Work required
Return every line of the records, exact and in full, until you have returned the line with "A display of", and include none of the pictures.
Data for processing section start
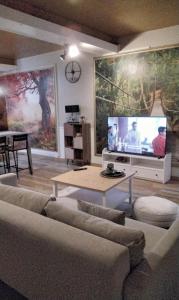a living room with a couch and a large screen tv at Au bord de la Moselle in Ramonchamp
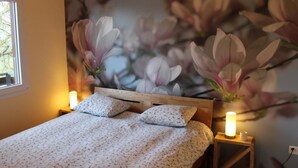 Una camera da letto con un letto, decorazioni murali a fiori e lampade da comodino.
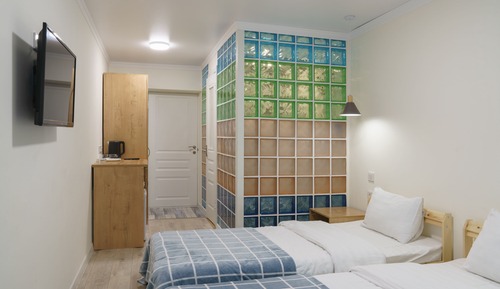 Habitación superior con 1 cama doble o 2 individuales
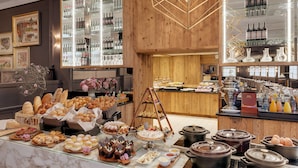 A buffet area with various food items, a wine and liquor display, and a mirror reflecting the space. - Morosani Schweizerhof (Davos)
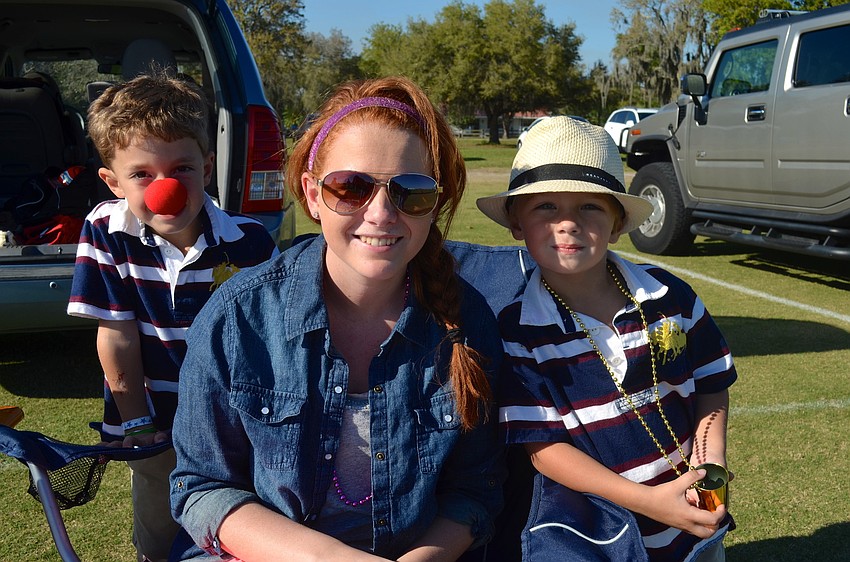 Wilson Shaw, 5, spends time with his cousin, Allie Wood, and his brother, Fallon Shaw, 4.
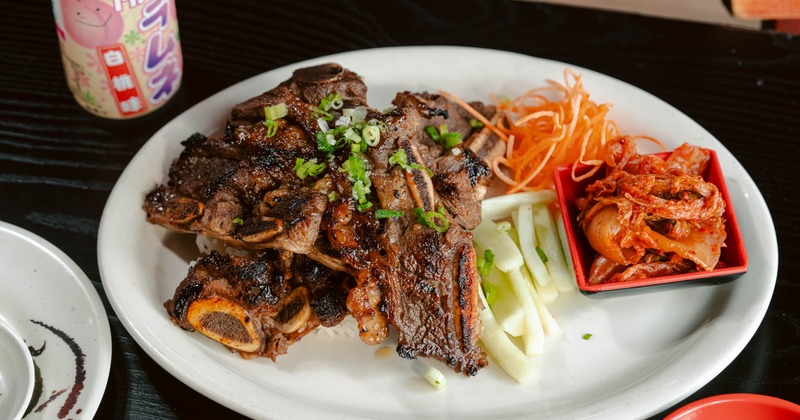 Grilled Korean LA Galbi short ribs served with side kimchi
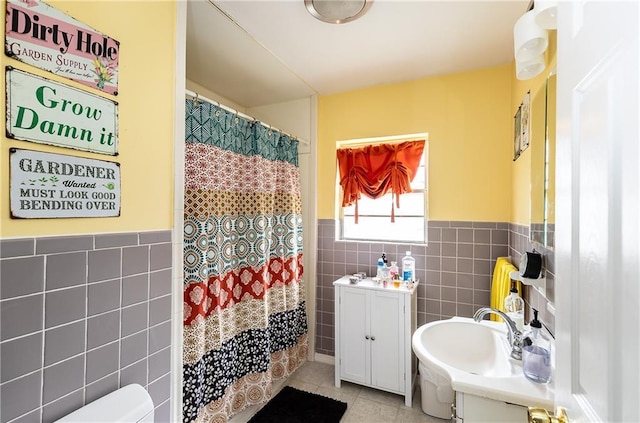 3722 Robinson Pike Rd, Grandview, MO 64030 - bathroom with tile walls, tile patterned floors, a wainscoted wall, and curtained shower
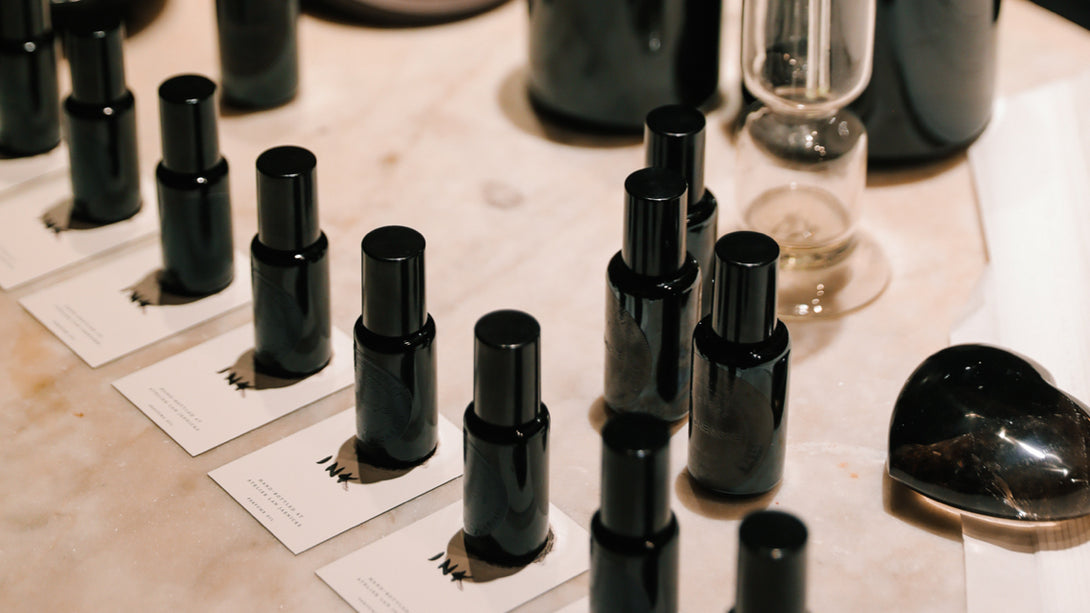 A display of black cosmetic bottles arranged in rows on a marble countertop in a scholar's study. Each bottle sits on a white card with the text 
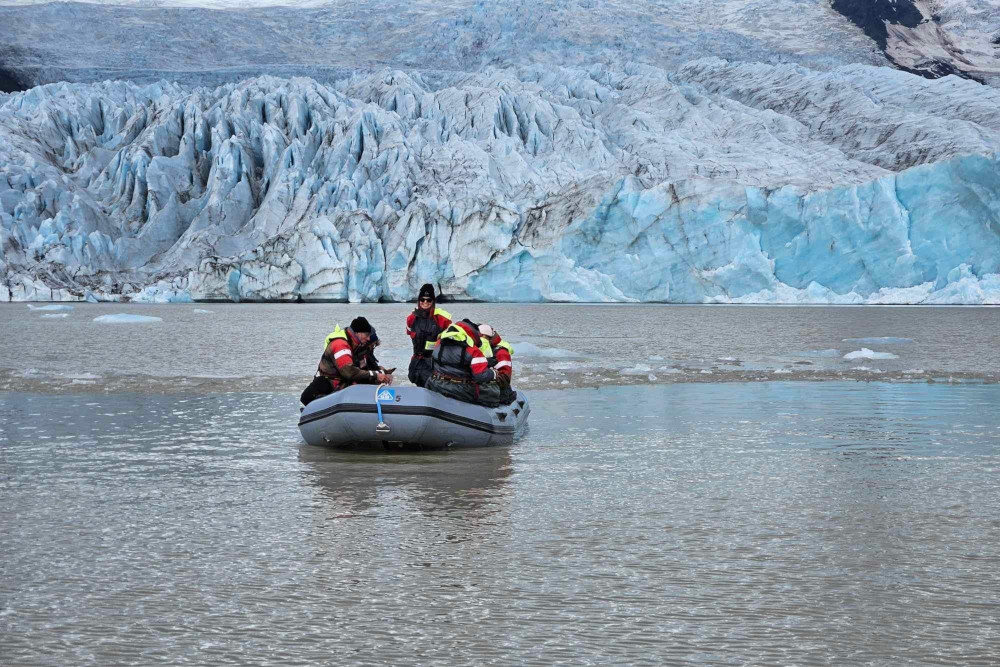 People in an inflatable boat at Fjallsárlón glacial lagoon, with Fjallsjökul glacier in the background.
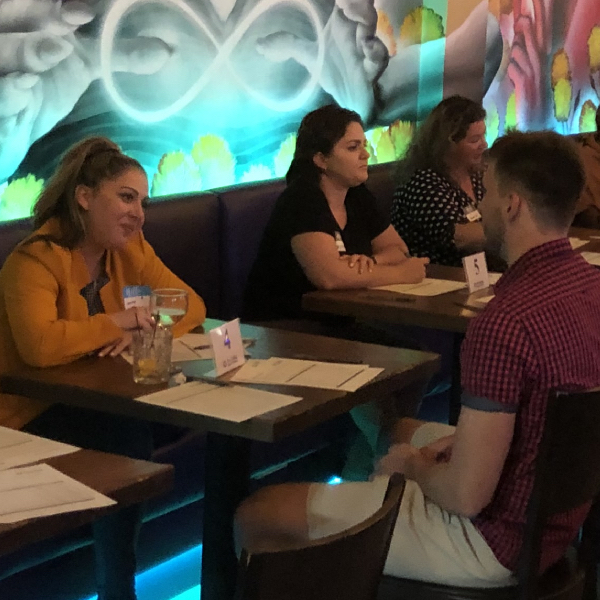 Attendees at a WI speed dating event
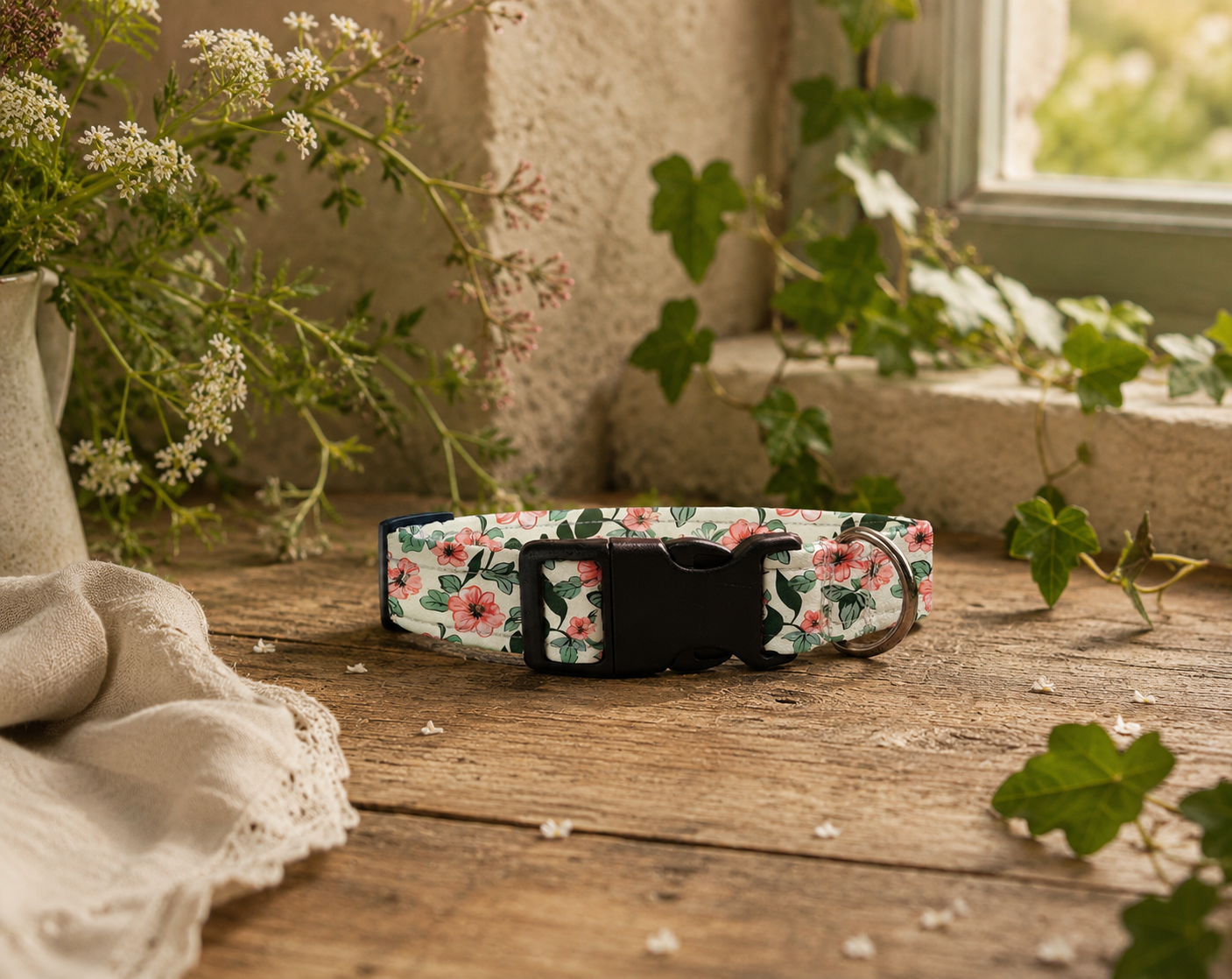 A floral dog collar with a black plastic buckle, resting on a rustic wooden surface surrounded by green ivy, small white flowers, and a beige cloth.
Data for processing section end
Exercise response
a living room with a couch and a large screen tv at Au bord de la Moselle in Ramonchamp
 Una camera da letto con un letto, decorazioni murali a fiori e lampade da comodino.
 Habitación superior con 1 cama doble o 2 individuales
 A buffet area with various food items, a wine and liquor display, and a mirror reflecting the space. - Morosani Schweizerhof (Davos)
 Wilson Shaw, 5, spends time with his cousin, Allie Wood, and his brother, Fallon Shaw, 4.
 Grilled Korean LA Galbi short ribs served with side kimchi
 3722 Robinson Pike Rd, Grandview, MO 64030 - bathroom with tile walls, tile patterned floors, a wainscoted wall, and curtained shower
 A display of black cosmetic bottles arranged in rows on a marble countertop in a scholar's study. Each bottle sits on a white card with the text 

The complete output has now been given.